In the spring of '73, some enterprising Comanche warriors hacked the Bell security codes for the teleport system and managed to send a sizeable raiding party to Washington, D.C., where they wrought considerable havoc before the Union army squelched the uprising.
I was down in the newly formed state of West Mississippi fighting on the side of the Confederacy at the time. My horse was working in Wild Bill's travelling show. I envied his turn in the limelight somewhat, but I had to do my patriotic duty.
While on furlough, I bumped into Trix in New Orleans, where she was performing in a burlesque show. There was one dance she did where you could almost swear you could see her knickers. Inspirational, to say the least.

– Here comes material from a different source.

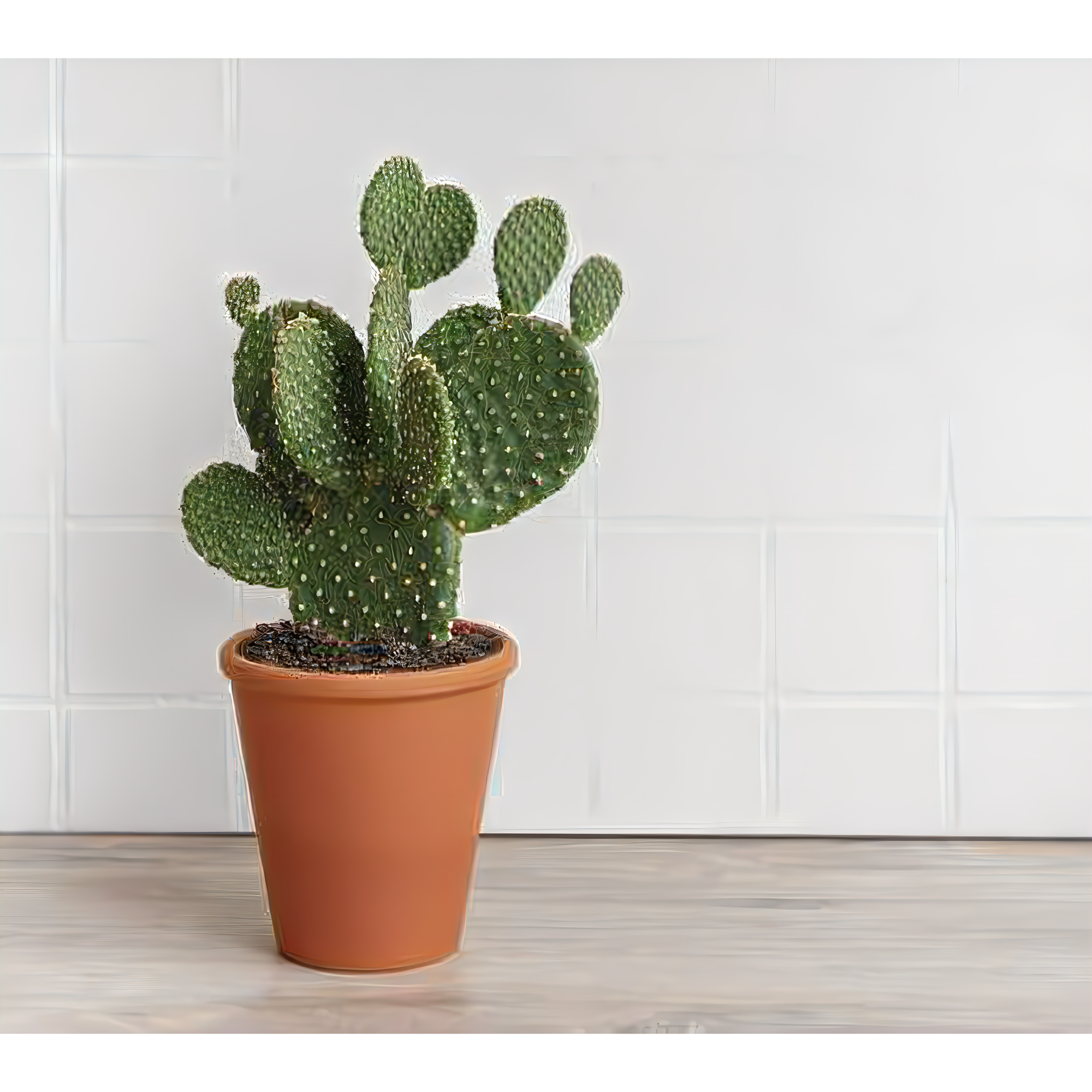 Opuntia 6" Bunny Ears Cactus - Plants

After the show, Trix sat at my table for a spell. I bought her a drink - champagne imported all the way from the country of France in Europe. She didn't drink, so she watered a potted cactus with it when I wasn't looking.

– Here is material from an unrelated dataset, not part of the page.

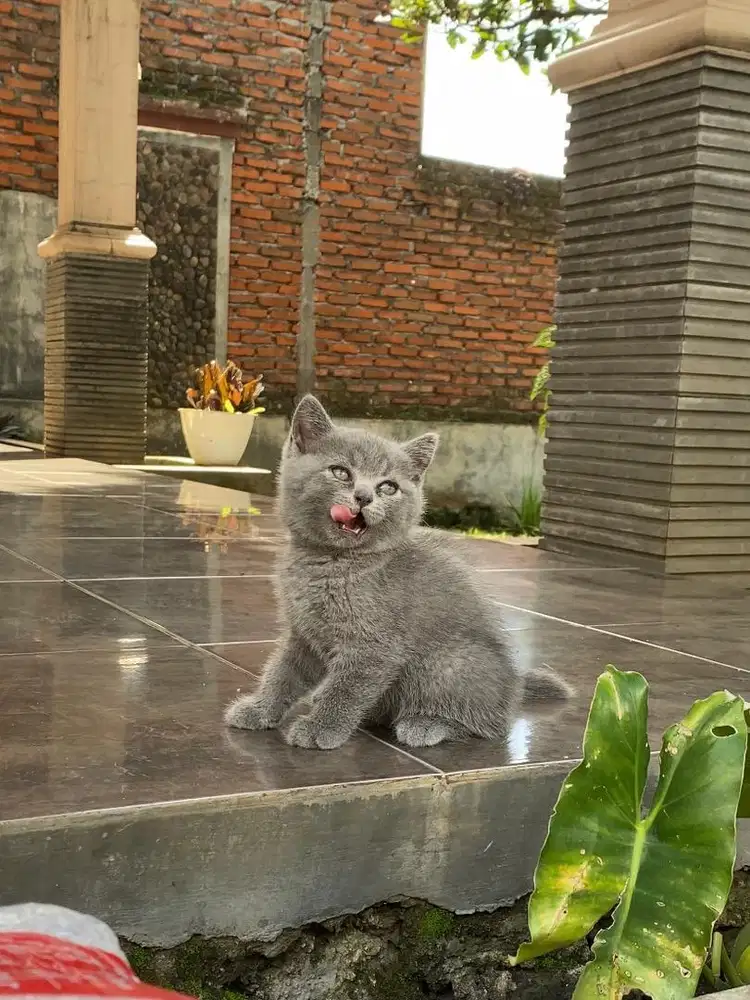 Kucing kitten british shorthair munchkin line ped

She looked at me thoughtfully for a moment, then asked, "Who do you think will win tomorrow, the Cowboys or the Indians?"
"I think it's game over for the Indians at this point," I said.
(05-02-2018, 02:39 PM)Trix Wrote: Work me playing in the mud somewhere in there...
It'd be accurate...

Accurate or not, ladies didn't play in the mud in the old west. Let's face it, you're going to look like Mother Theresa by the time I'm done with you. With a slight hint of sluttiness so as not to bore the readers, of course.
I was in Cheyenne with my horse back in '61 when President Barron Trump hammered the golden spike that connected the continental atomic monorail tracks from east coast to west. Bell's teleport would render the trains obsolete a few years later. Genba invented faster-than-light space travel later that year, but it would be another quarter century before he developed a practical working apparatus.
My horse had just dropped out of college to live in a commune. I took to hanging around an old Indian wizard to try and take my mind off of Trix.
It wasn't working.
I sprang my horse from the commune and took him to a quack in Minneapolis for deprogramming, then we headed west to find Trix. The doctor told me to take a sack of apples along, but all I had was peyote. My horse regaled me with all manner of occult stuff and nonsense as we mosied across the lower fifty-three states.
In Boulder, I got word that Trix was dead.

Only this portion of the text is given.